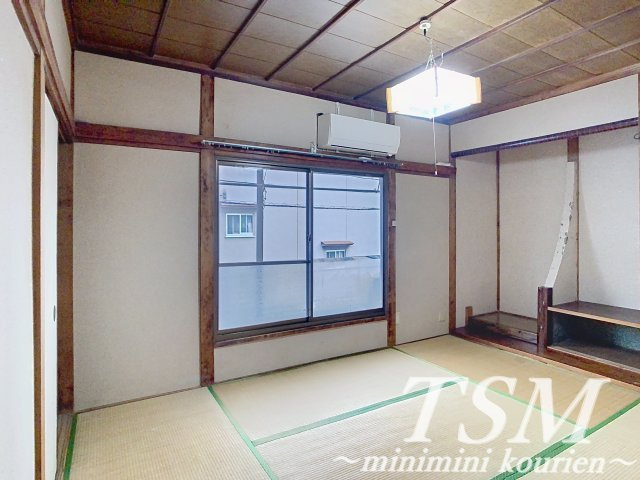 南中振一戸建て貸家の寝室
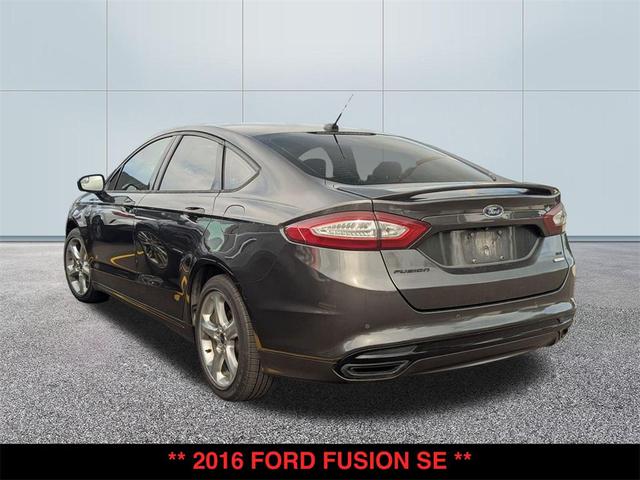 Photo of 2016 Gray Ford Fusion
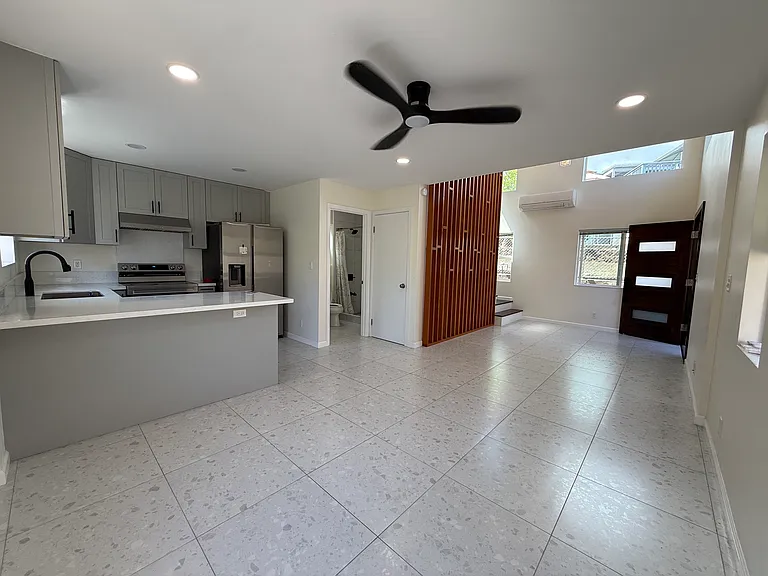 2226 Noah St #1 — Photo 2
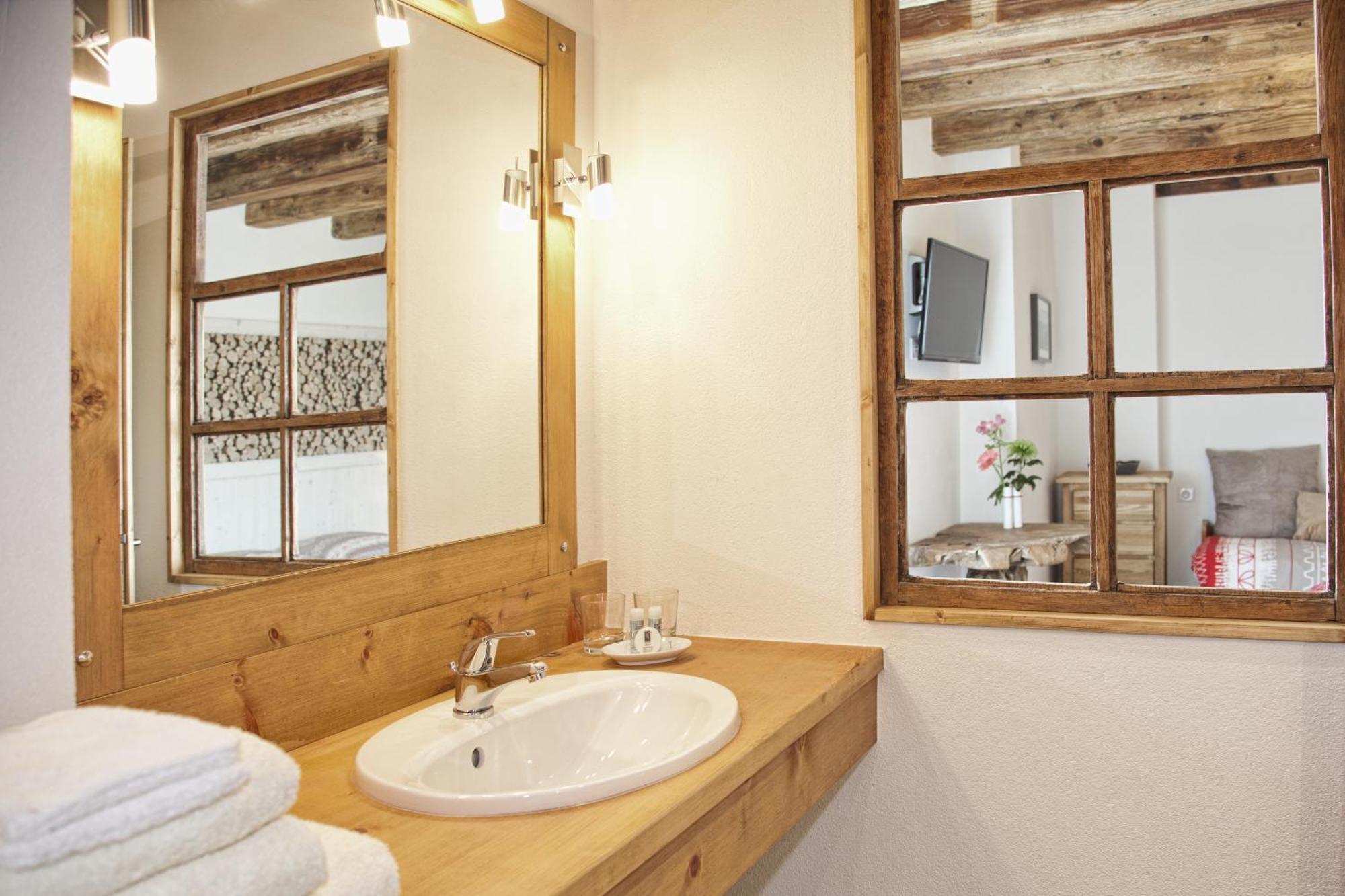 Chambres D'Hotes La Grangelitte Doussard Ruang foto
_ _ _ _
WHAT YOU HAVE TO DO = Output the full material above exactly, leaving every picture out.

ANSWER BOX =
 南中振一戸建て貸家の寝室
 Photo of 2016 Gray Ford Fusion
 2226 Noah St #1 — Photo 2
 Chambres D'Hotes La Grangelitte Doussard Ruang foto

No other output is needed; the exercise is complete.